The Dutch are the people of Holland (now the Netherlands). The Dutch arrived in India shortly after the Portuguese. The Dutch have long been experts in sea trading. The Dutch government granted the United East India Company of the Netherlands license to trade in the East Indies, including India, in 1602. Dutch India was more of a geographical location than a political authority. In comparison to the Portuguese and the English, the Dutch had the shortest presence in India of all the European colonial powers.
Dutch history in India
The Dutch East India Company was founded in 1602 and signified the Dutch entrance in India. They arrived in Andhra Pradesh’s Masulipatam (now Machilipatnam). From 1605 to 1825, they occupied the Indian subcontinent. Given the growing demand for Indian spices from Asia in Europe, the Dutch arrived to India with the intention of trading. The establishment of the Dutch East India Company marked the beginning of the modern multinational company (MNC). Following a pact between the Zamorin of Calicut and the Dutch chief, Steven Van der Hagen, Dutch trading in India began on November 11, 1604. The goal was to force the Portuguese off the Malabar Coast, but this was never achieved. The Dutch, on the other hand, soon built commercial facilities in various parts of India and traded cotton, textiles, silk, Indigo, and Golconda diamonds. In 1661, the Dutch conquered the Portuguese and took control of all of Malabar. They had now mastered the pepper trade and made tremendous profits selling pepper, which was known in Europe as “Black Gold.” In the 17th century, nothing could stop the Dutch from capturing Pondicherry from the French in 1693. In the East Indies, the Dutch became a large producer of sugar and coffee, as well as a big exporter of spices and textiles. During their time in India, the Dutch tried their hand at currency manufacture as well. They established mints in Cochin, Masulipatam, Nagapatam Pondicherry, and Pulicat as their trade grew.

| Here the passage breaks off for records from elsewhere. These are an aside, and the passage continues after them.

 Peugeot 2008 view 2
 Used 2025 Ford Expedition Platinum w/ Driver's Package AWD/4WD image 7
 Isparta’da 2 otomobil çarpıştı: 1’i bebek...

Furthermore, the Pulicat mint issued a gold pagoda with an image of Lord Venkateswara (god Vishnu). The Dutch minted coins that were all based on local coinages.

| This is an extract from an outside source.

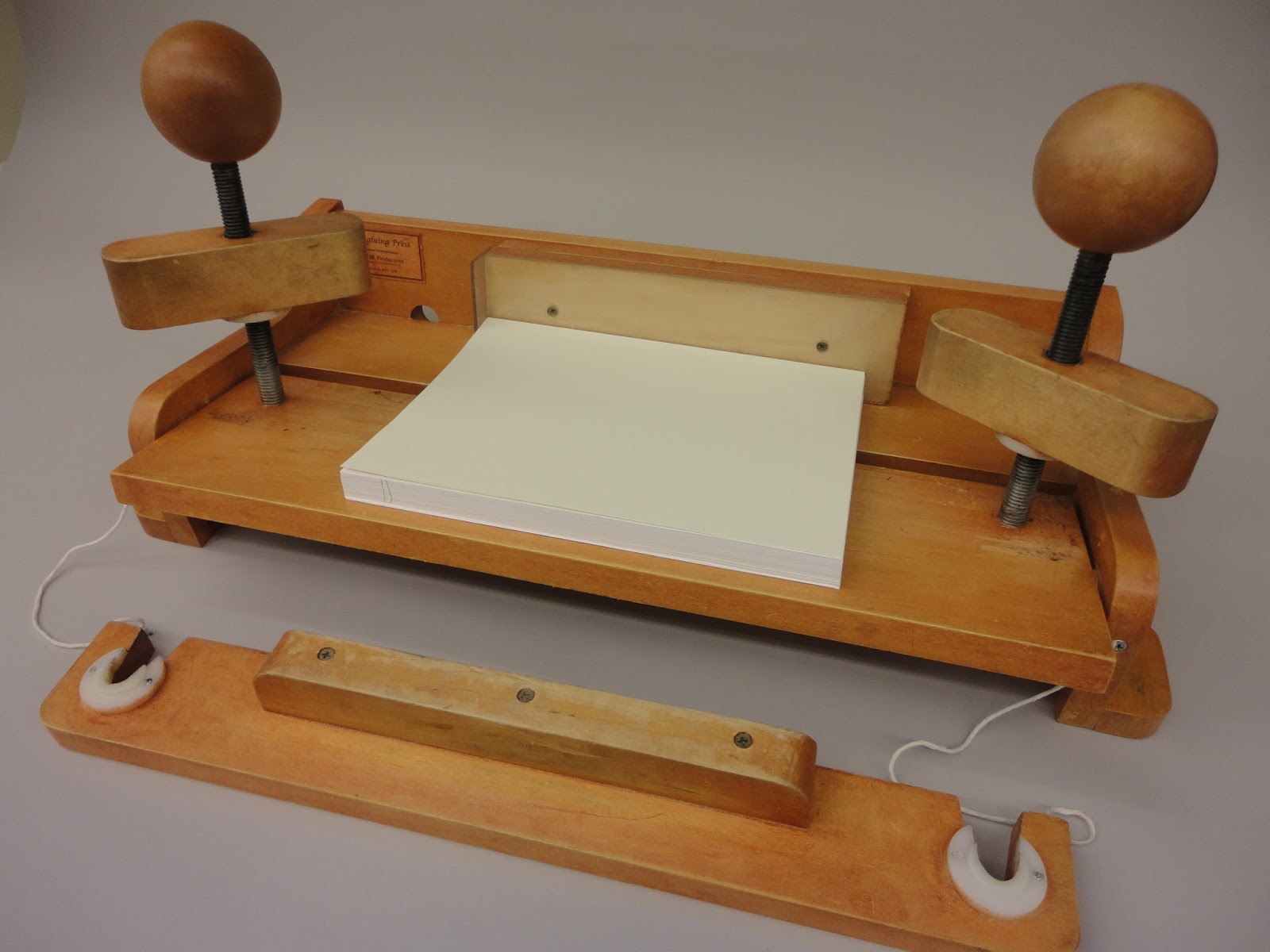 Double-Fan Adhesive Binding – Green Chair Press Blog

The Decline of Dutch power The Dutch East India Company began to fade in the mid-eighteenth century. It was characterised by poor corporate practices, corruption, and political upheaval. Martanda Verma, the formidable monarch of Travancore, defeated the Dutch in 1741 and reclaimed control of Malabar. The fourth Anglo-Dutch war, in which the British navy sunk Dutch ships and seized trading ports, resulted to their bankruptcy in 1799. Finally, the Anglo-Dutch Treaty of 1825 ended the Dutch dominance in India by transferring all Dutch assets to the British.